“In February 1862 a negro was taken prisoner at Ouanaminthe for having assassinated his father. He was condemned to death by the tribunals; but he defended himself by saying that he had done no more than follow the orders of the serpent. In a few months he was set at liberty.

“It is not long since that in one of the streets of Port-au-Prince was found at early morn the body of an unknown youth, of about twenty years of age, who had a weapon piercing his heart, and attached to that a thin hollow cane. It was supposed that he was assassinated in order to suck his blood. I might cite many other facts of which I have taken note, but what I have related appear sufficient for the object I have proposed to myself. The disappearance of children is frequent at certain epochs or seasons, and it is supposed that they are eaten by the cannibals of this society.

“In the secret ceremonies of the Vaudoux the drink in use is the blood of animals mixed with white rum, and the Papaloi, either from the immoderate use they make of alcohol mixed with blood, or from the handling of the poisons they use in their devil craft, die in general, although at an advanced age, covered with leprosy and incurable sores.” I myself heard this stated whilst in Hayti, but I fear that a few exceptions have in this case made the rule.

“The people endure every possible oppression from the Papaloi, and if you ask them why they permit these vexations and the abuses which are committed against one another, they answer, ‘We are indeed obliged, unhappy that we are: if we denounced our neighbours, certainly we should quickly die.’ From which it may be inferred that they tolerate this conduct because they fear, and they fear because they know each other.” This fear of one another is noticed by all foreign residents in Hayti: it extends to the higher classes.

“The society of the Vaudoux, although now (1862, time of Geffrard) not so preponderant as in the time of Soulouque, who was one of its most believing followers, is very extended in all the republic, but there are few initiated into the secrets; they have their signs and symbols, and the society meddles in the politics of every Government which has existed in Hayti; they sometimes sustain them, as in certain cases they will act as a secret police, and the Vaudoux is looked on as one of the firmest props of the independence of the country.”

I may notice that the Papaloi lead the most depraved lives. They are feared by all, and the fear inspired is so great, that few women among the lower orders would resist their advances. It may probably be looked upon as an honour. Unlimited drink is the next idea of happiness to a negro, and in this the offerings of their followers enable the priests to indulge to their hearts’ content.
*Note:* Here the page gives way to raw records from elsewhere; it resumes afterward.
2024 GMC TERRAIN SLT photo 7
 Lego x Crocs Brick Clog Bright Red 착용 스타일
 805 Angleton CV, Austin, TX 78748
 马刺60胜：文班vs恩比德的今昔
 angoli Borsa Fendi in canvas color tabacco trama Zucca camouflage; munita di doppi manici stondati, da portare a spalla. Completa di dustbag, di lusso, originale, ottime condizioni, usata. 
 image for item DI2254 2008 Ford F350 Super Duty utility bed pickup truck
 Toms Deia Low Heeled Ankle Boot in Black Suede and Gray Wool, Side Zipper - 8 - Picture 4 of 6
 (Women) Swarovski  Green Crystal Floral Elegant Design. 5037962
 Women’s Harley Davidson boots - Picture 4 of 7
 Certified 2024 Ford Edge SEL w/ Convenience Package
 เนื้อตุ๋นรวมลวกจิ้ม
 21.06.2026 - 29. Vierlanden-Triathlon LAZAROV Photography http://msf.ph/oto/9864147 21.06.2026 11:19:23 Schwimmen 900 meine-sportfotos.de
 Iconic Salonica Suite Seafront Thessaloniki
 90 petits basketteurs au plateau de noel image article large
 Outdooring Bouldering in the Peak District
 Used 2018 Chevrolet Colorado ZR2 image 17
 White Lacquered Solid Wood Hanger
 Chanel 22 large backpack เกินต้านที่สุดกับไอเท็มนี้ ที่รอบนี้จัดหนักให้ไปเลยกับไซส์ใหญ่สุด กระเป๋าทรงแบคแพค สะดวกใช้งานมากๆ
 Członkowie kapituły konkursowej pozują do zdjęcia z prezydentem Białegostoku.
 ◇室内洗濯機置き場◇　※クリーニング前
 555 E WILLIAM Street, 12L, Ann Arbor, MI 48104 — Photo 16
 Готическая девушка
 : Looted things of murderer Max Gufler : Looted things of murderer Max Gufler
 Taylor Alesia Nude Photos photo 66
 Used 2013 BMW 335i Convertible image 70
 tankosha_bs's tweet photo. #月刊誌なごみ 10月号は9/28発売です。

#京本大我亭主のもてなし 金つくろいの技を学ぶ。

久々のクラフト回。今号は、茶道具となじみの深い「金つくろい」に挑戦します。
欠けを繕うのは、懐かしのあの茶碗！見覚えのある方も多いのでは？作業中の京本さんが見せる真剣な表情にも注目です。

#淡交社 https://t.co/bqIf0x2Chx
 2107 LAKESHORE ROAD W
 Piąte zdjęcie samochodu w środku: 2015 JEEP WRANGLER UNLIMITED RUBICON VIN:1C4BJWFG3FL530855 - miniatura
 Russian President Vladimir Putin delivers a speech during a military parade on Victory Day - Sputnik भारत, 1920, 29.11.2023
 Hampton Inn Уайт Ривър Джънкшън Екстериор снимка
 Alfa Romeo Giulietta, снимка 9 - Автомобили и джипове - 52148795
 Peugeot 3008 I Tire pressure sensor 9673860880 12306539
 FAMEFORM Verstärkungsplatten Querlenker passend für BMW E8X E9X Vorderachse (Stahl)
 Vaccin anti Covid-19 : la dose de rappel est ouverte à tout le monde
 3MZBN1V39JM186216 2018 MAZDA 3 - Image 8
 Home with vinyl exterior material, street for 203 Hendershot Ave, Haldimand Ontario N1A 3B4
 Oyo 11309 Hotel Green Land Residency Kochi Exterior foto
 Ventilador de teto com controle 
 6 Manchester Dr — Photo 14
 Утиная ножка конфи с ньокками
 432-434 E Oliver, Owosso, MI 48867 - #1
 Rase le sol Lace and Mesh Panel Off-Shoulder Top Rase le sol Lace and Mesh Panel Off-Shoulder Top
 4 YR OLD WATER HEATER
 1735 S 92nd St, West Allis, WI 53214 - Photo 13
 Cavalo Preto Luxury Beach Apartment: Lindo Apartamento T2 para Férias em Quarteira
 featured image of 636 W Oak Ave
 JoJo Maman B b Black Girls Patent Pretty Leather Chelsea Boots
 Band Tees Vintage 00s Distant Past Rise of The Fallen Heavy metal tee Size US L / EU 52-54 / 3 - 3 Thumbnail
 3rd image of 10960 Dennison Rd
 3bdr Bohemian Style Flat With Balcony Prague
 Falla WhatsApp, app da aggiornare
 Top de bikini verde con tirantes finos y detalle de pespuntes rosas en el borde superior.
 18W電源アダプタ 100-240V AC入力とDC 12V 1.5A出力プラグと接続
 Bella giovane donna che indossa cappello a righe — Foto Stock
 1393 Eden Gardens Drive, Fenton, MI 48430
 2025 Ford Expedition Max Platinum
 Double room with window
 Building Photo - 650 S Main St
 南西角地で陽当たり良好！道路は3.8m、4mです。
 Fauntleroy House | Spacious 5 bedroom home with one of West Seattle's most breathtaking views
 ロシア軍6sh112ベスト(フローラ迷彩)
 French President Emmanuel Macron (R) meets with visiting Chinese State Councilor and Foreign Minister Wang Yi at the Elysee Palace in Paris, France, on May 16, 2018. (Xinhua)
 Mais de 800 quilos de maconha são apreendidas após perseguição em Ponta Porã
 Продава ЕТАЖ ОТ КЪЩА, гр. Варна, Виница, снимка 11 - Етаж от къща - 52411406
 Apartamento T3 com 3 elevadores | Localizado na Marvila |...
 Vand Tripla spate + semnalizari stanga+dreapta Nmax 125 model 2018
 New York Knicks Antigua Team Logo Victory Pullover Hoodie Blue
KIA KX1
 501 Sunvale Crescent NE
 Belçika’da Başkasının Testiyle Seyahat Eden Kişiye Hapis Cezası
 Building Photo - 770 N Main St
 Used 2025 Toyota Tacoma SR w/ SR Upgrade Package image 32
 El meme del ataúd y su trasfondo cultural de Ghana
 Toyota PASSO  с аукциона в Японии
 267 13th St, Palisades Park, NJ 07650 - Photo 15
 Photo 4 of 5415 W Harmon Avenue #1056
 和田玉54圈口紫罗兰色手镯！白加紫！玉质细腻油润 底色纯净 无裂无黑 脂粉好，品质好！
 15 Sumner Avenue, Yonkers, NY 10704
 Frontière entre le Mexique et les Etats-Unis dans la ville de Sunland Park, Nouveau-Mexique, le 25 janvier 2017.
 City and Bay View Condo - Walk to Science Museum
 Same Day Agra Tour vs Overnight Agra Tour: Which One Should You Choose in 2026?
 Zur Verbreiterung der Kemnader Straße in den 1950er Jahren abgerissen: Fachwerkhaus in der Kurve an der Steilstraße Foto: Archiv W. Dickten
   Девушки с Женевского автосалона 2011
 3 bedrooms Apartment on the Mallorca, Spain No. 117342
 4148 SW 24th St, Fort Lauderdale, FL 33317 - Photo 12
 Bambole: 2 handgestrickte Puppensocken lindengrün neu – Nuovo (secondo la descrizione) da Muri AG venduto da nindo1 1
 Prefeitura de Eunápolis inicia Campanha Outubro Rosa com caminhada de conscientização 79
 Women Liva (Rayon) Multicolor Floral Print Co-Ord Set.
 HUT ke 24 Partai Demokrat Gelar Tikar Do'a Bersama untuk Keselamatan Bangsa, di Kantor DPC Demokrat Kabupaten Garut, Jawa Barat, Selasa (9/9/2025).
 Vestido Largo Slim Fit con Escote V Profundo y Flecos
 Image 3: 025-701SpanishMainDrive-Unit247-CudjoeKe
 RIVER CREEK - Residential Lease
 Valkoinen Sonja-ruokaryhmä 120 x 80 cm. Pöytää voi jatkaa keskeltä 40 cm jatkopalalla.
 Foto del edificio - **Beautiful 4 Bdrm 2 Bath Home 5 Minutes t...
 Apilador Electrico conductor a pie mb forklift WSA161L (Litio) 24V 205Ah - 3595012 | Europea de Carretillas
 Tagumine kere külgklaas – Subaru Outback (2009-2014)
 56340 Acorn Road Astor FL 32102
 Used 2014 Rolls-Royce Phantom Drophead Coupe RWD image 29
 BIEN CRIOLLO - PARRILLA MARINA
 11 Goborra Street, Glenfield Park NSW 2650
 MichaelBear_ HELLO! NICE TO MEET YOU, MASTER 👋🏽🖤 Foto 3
After studying the history of Hayti, one is not astonished that the fetish worship continues to flourish. The negroes imported from the west coast of Africa naturally brought their religion with them, and the worship of the serpent was one of its most distinguishing features. St. Méry speaks of the slaves arriving with a strange mixture of Mohammedanism and idolatry, to which they soon added a little Catholicism. Of Mohammedanism I have not myself observed a trace. When they found the large, almost harmless, serpent in Hayti, they welcomed it as their god, and their fetish priests soon collected their followers around them. The French authorities tried to put down all meetings of the Vaudoux, partly because they looked upon them as political, but they did not succeed in their object. Many of the tribes in Africa are to this day cannibals, and their ancestors imported probably this taste into the French colony. It was difficult at that epoch to indulge in it, as all the children of the slaves were carefully registered, and their disappearance would have been immediately remarked; they may, however, have made use of the expedients for producing apparent death, to which I will presently refer.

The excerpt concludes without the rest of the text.